President Donald Trump expressed this fear of social unrest most clearly when he told governors, “It’s a movement, if you don’t put it down it will get worse and worse... The only time it’s successful is when you’re weak and most of you are weak.” He further expressed his fascistic intentions, stating that “you’ve got to arrest people, you have to track people, you have to put them in jail for 10 years and you’ll never see this stuff again.”

On June 1, Trump threatened to invoke the Insurrection Act of 1807 and deploy the US military against the protests but pulled back when the reluctant Pentagon brass made clear that plans for martial law were not well prepared and could trigger a civil war.

Both Republican and Democratic governors and mayors, however, were more than happy to oblige Trump’s call to action, deploying local and state police forces along with the National Guard in full force to the streets of dozens of American cities. The result was an escalation in police assaults on protesters and a brutal campaign to silence journalists in an effort to cover up acts of violence committed by the police. Freelance and major network reporters alike were deliberately shot by rubber bullets and tear gas and had their equipment smashed.

So far in 2020, the US Press Freedom Tracker has recorded 311 physical attacks on journalists, 75 equipment damages, 17 equipment searches and seizures, and more than 960 violations of press freedom related to “national social justice protests.” Thirty-six percent of the 120 arrests were accompanied by a physical attack by the police.

No known officer has been charged with violating the constitutional rights of the press, yet 16 journalists currently face criminal prosecution.

These assaults on press freedom have catapulted the United States toward the top of the global list of press freedom violators.

In 2019, Turkey and China led the globe in imprisoned journalists with 47 and 48 respectively. While there are currently no journalists imprisoned in the US, a record of 120 arrests presents a serious warning that journalists may soon face prolonged detention and more serious criminal charges. Meanwhile, journalist and WikiLeaks founder Julian Assange is currently being held in London’s Belmarsh Prison, where he awaits extradition to the US, where he faces a possible 175 year sentence for publishing information on American war crimes.

The sharp spike in the number and severity of attacks on journalists is bound up with the decline of American democracy and rapid descent of the US toward dictatorship, a process most clearly expressed by Trump.

President Trump has tweeted negatively about the press nearly 2,500 times since he began his presidential campaign in 2015, an average of 1.5 times a day, and he has repeatedly berated journalists at his political rallies.

Lucy Dalglish, dean of the Philip Merrill College of Journalism at the University of Maryland, told the Committee to Protect Journalists that she had instructed her students to think twice about wearing press badges to the Republican and Democratic National Conventions this year as it may have made them a target for the police or demonstrators.

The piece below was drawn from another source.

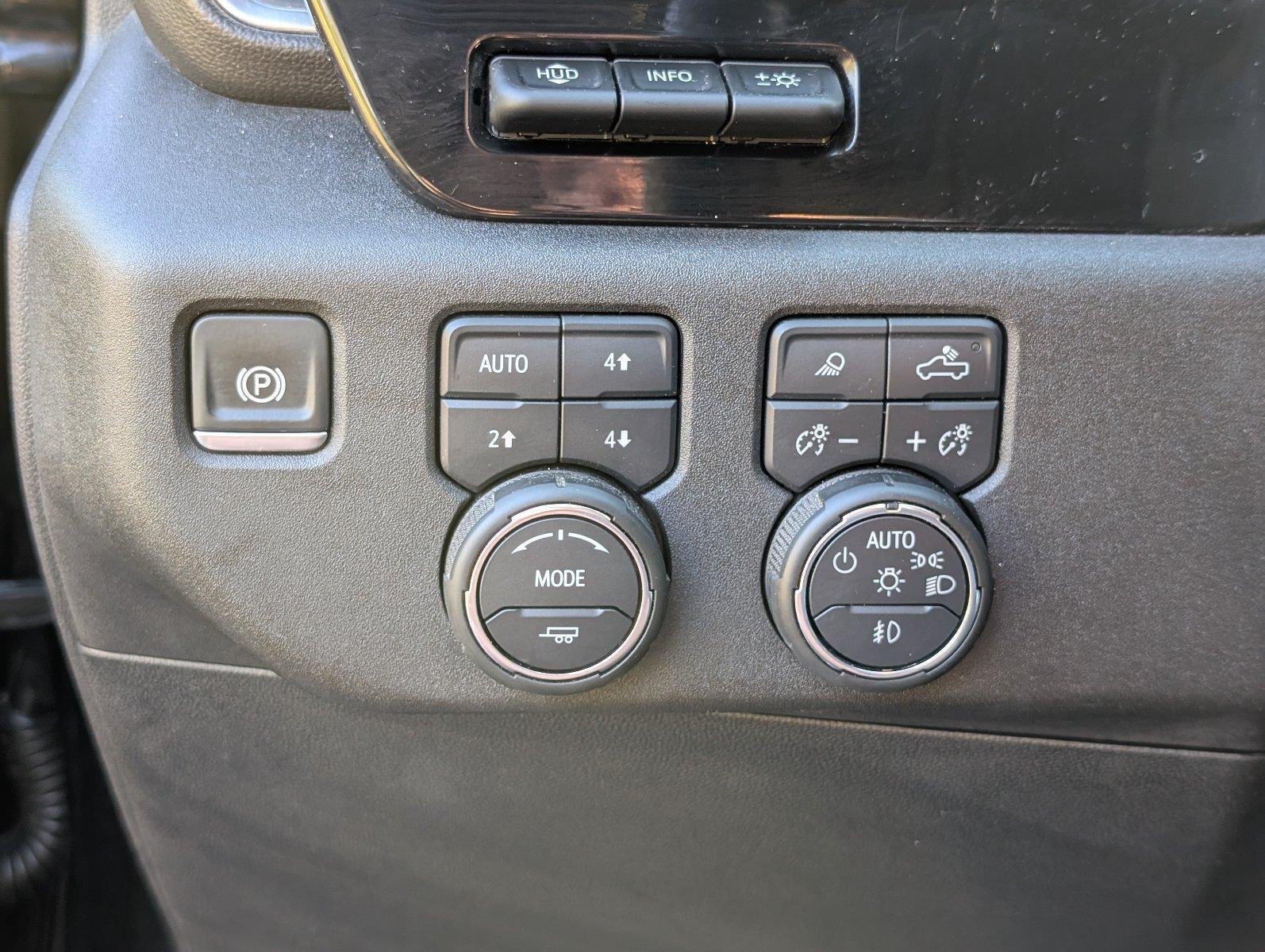Used 2025 Black Chevrolet LTZ image 31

While the role that Trump’s verbal attacks on the press has played is significant, the escalation in press attacks cannot be understood as the product of Trump alone. The whole political establishment desires free rein to suppress protests without the impediment of reporters documenting their abuses.

Now, as Trump builds up a fascist base as part of his coup plotting against the constitution and President-elect Joe Biden, the threat to journalists who attempt to expose state violence grows ever greater. There is no reason to believe that the attack on journalists and demonstrations will cease under Biden, who denounced protesters as arsonists and looters this summer and declared Assange a “hi-tech terrorist” in 2010.

Without the independent intervention of the working class to defend democratic rights, it is only a matter of time before journalists in the United States are persecuted to the same degree as Assange and whistleblowers like Chelsea Manning and Edward Snowden.